Collect a variable from a set of BOUT++ outputs.

  • varname (str) – Name of the variable
  • xind, yind, zind, tind (int, slice or list of int, optional) – Range of X, Y, Z or time indices to collect. Either a single index to collect, a list containing [start, end] (inclusive end), or a slice object (usual python indexing). Default is to fetch all indices
  • path (str, optional) – Path to data files (default: “.”)
  • prefix (str, optional) – File prefix (default: “BOUT.dmp”)
  • yguards (bool, optional) – Collect Y boundary guard cells? (default: False)
  • xguards (bool, optional) – Collect X boundary guard cells? (default: True) (Set to True to be consistent with the definition of nx)
  • info (bool, optional) – Print information about collect? (default: True)
  • strict (bool, optional) – Fail if the exact variable name is not found? (default: False)
  • tind_auto (bool, optional) – Read all files, to get the shortest length of time_indices. Useful if writing got interrupted (default: False)
  • datafile_cache (datafile_cache_tuple, optional) – Optional cache of open DataFile instances: namedtuple as returned by create_cache.
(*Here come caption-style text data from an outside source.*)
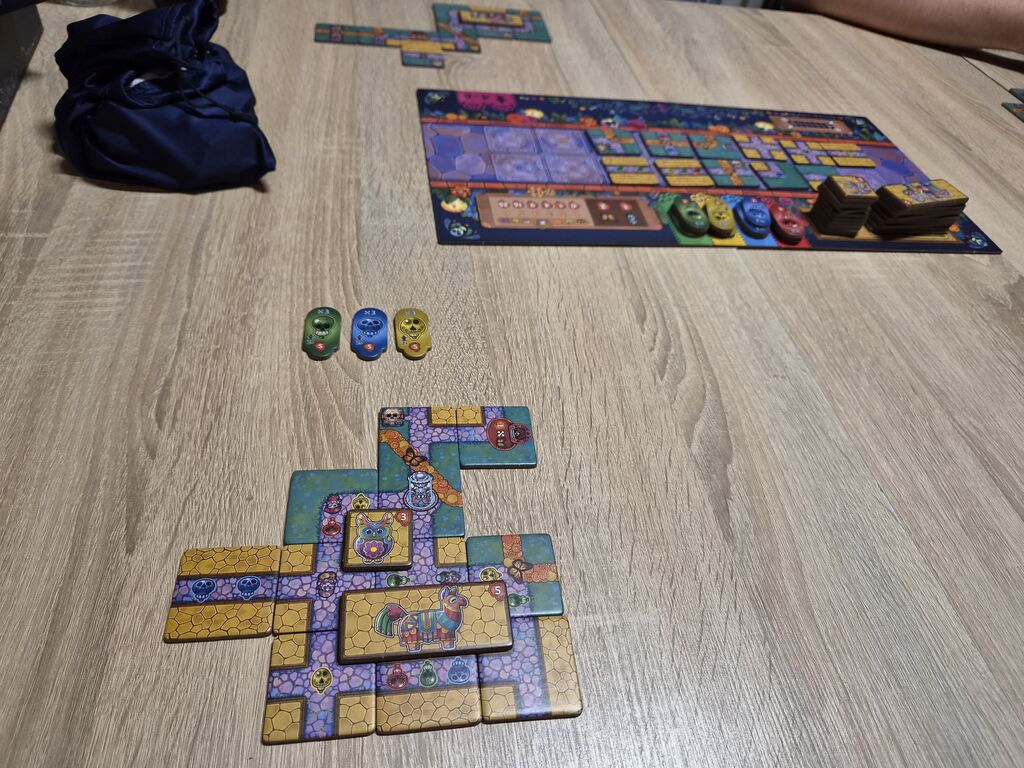Spielmaterial.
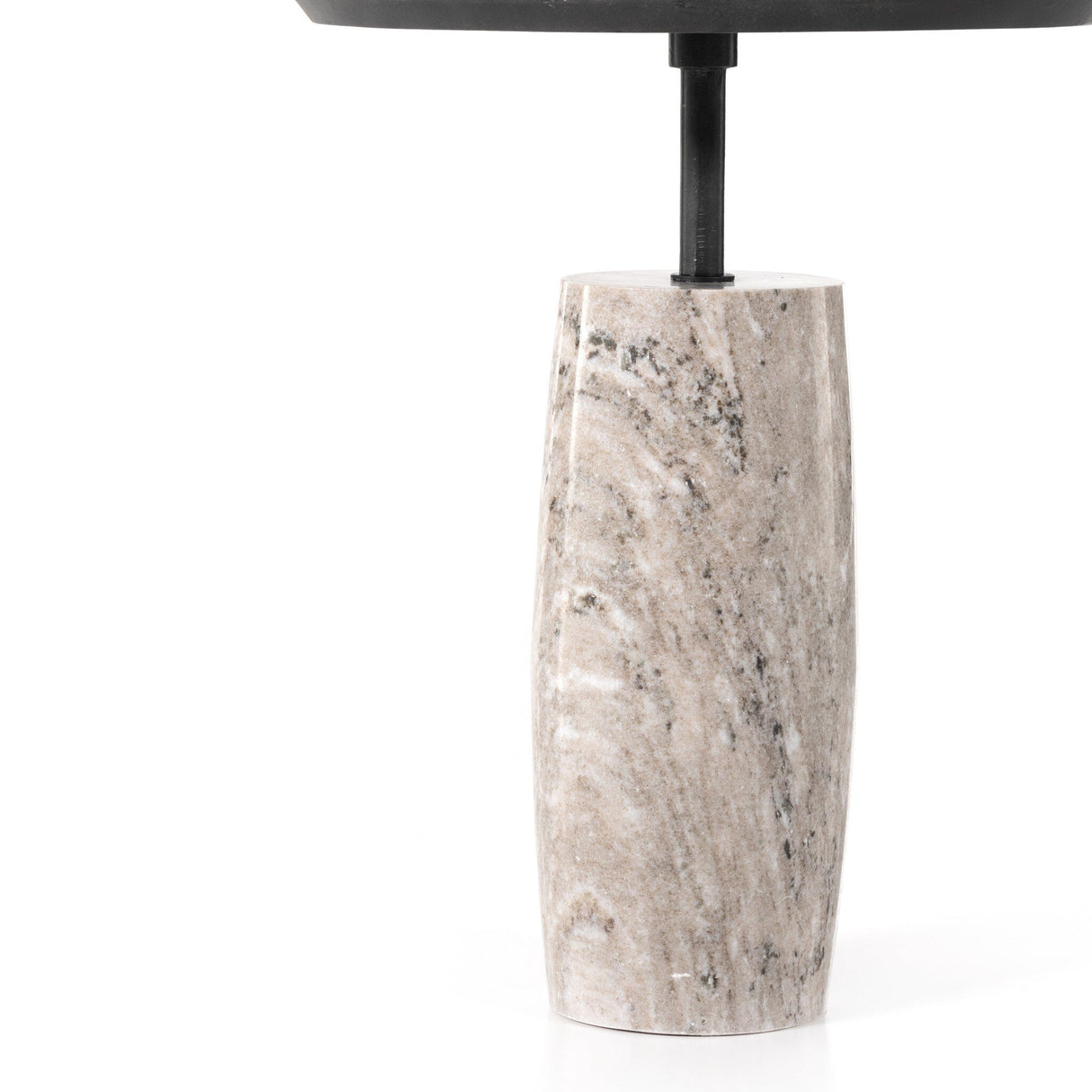 Cronos End Table in Aged Grey from Four Hands - Luna Furniture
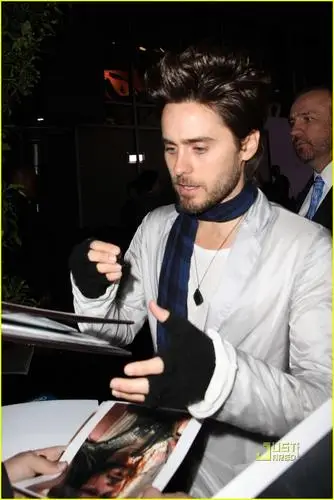 Jared Leto Computer MousePad picture 122435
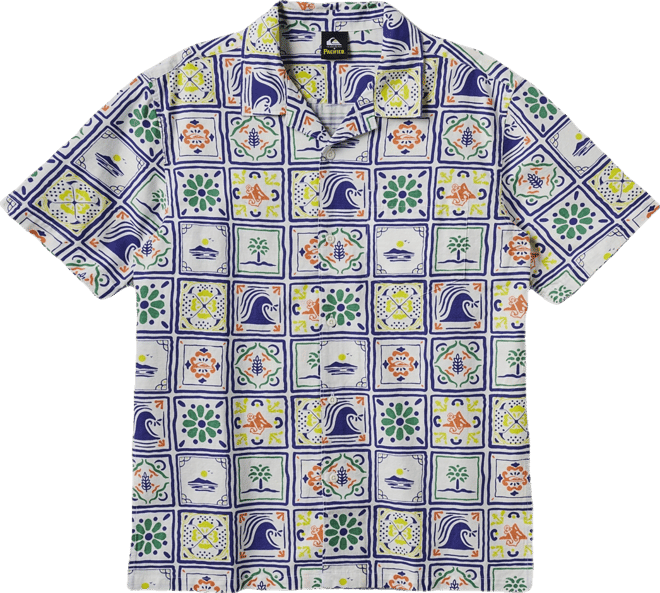 Men's Baja Casual Short Sleeve Shirt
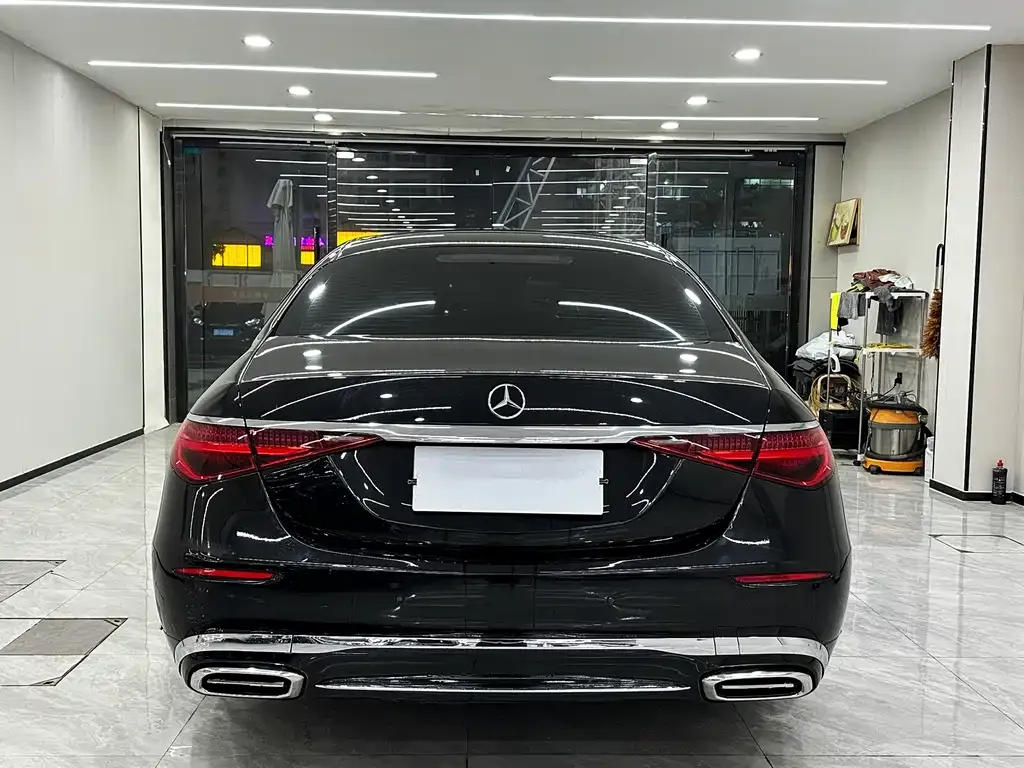 Mercedes-Benz S-Class 2022 из CN, фото 4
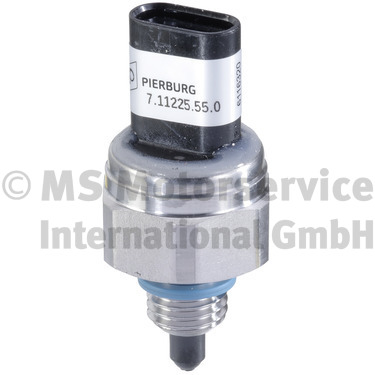Sensor, fuel pressure PIERBURG 7.11225.55.0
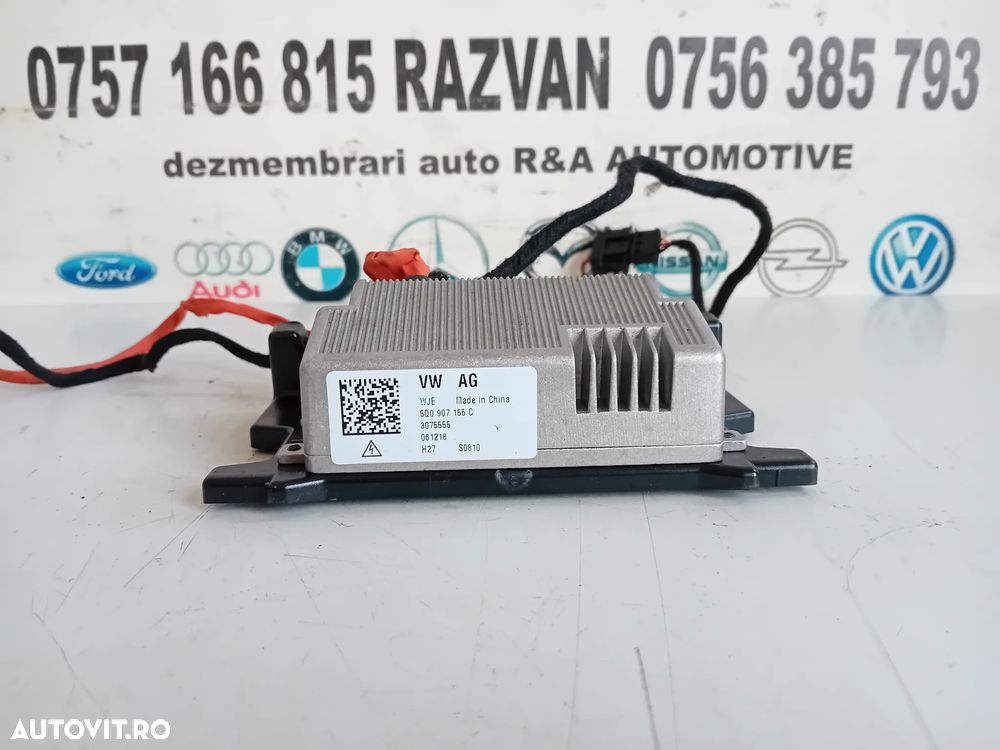 Invertor Tensiune Vw Passat B8 Arteon Cod 5Q0907155C An 2014-2020 Motor DFG Cutie UAX - 3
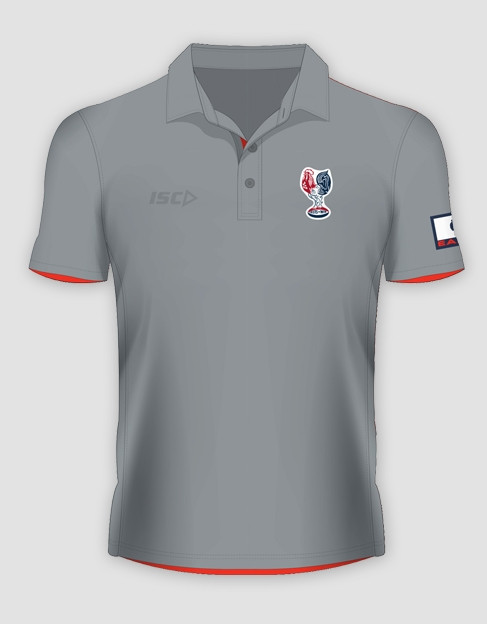 Sydney Roosters 2016 Mens Heritage Polo - Grey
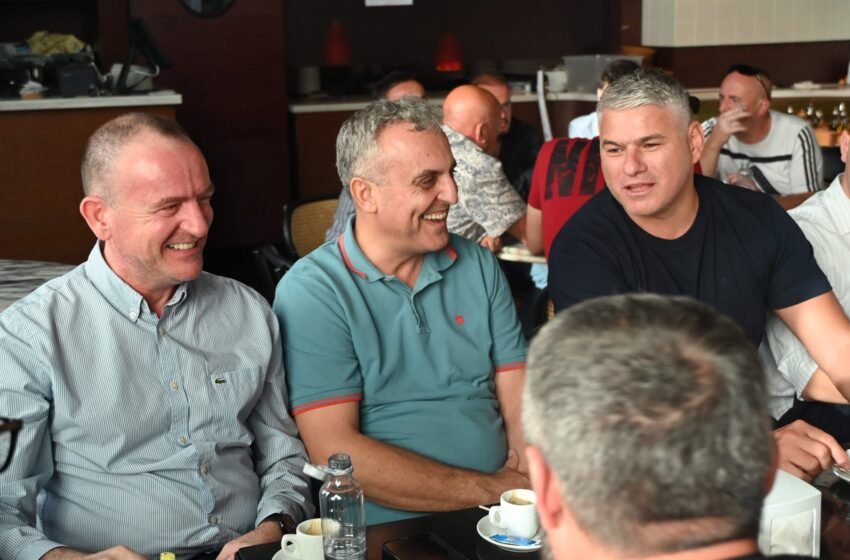Rexhepi pas takimit me Taravarin: Në kohë të vështira më e rëndësishmja është të jemi bashkë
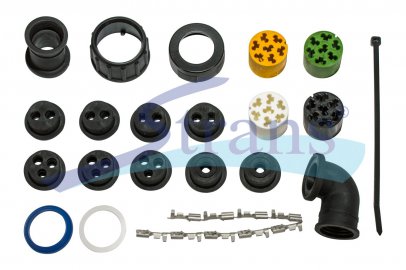 Фішка (Розєм) Електрична 7 Pin Ліхтаря Заднього Ass2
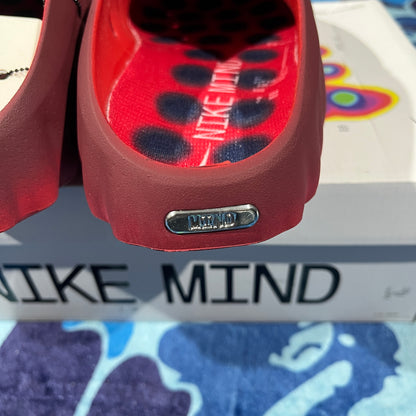 Ojotas Nike Mind 001 Red University 7-8-9 US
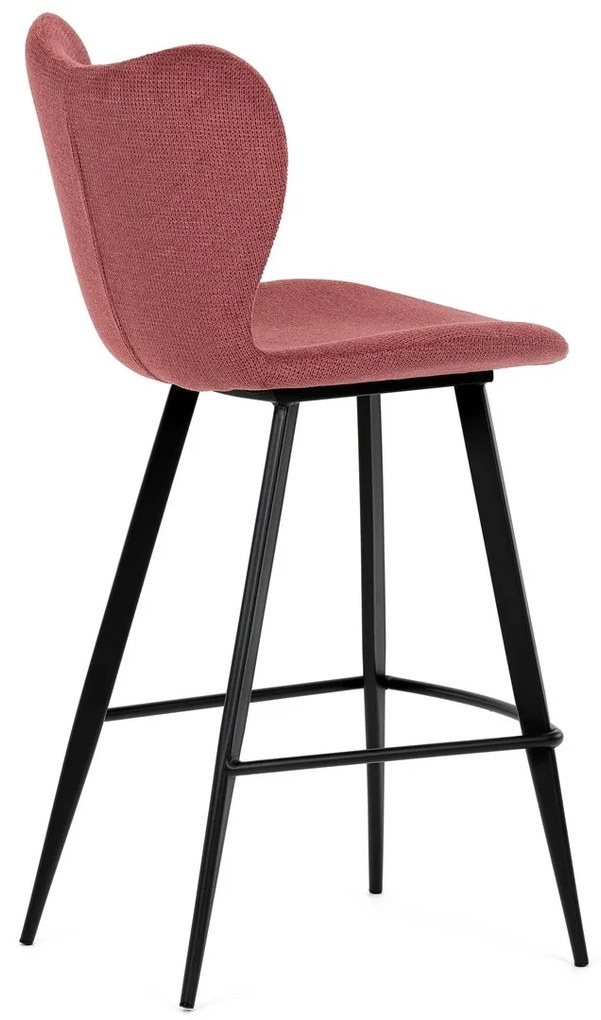 Barová stolička B-1068 RED2, červená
Used by BoutOutputs to pass in a cache so that we do not have to re-open the dump files to read another variable (default: None)


>>> collect(name)


bout_runners contains classes which gives an alternative way of running BOUT++ simulations either normally using the class basic_runner , or on a cluster through a generated Portable Batch System (PBS) script using the child class PBS_runner . Examples can be found in examples/bout_runners_example/.

bout_runners is especially useful if one needs to make several runs with only small changes in the options (which is normally written in BOUT.inp or in the command-line), as is the case when performing a parameter scan, or when performing a MMS test.

Instead of making several runs with several different input files with only small changes in the option, one can with bout_runners specify the changes as member data of an instance of the appropriate bout_runners class. One way to do this is to write a driver in the same directory as the executable. The driver is just a python script which imports bout_runners , creates an instance, specifies the running option as member data of that instance and finally calls the member function self.execute_runs() .

In addition, the bout_runners provides a way to run any python post-processing script after finished simulations (as long as it accept at least one parameter containing the folder name(s) of the run(s)). If the simulations have been performed using the PBS_runner , the post-processing function will be submitted to the cluster (although it is possible to submit it to a different queue, using a different amount of nodes etc.).

When the function self.execute_runs() is executed, a folder structure like the one presented in Fig. 23 is created. BOUT.inp is copied to the folder of execution, where the BOUT.*.dmp files are stored. Secondly a list of combination of the options specified in the driver is made. Eventually unset options are obtained from BOUT.inp or given a default value if the option is nowhere to be found.

Longest possible folder tree

Fig. 23 Longest possible folder tree made by the self.execute_runs() function.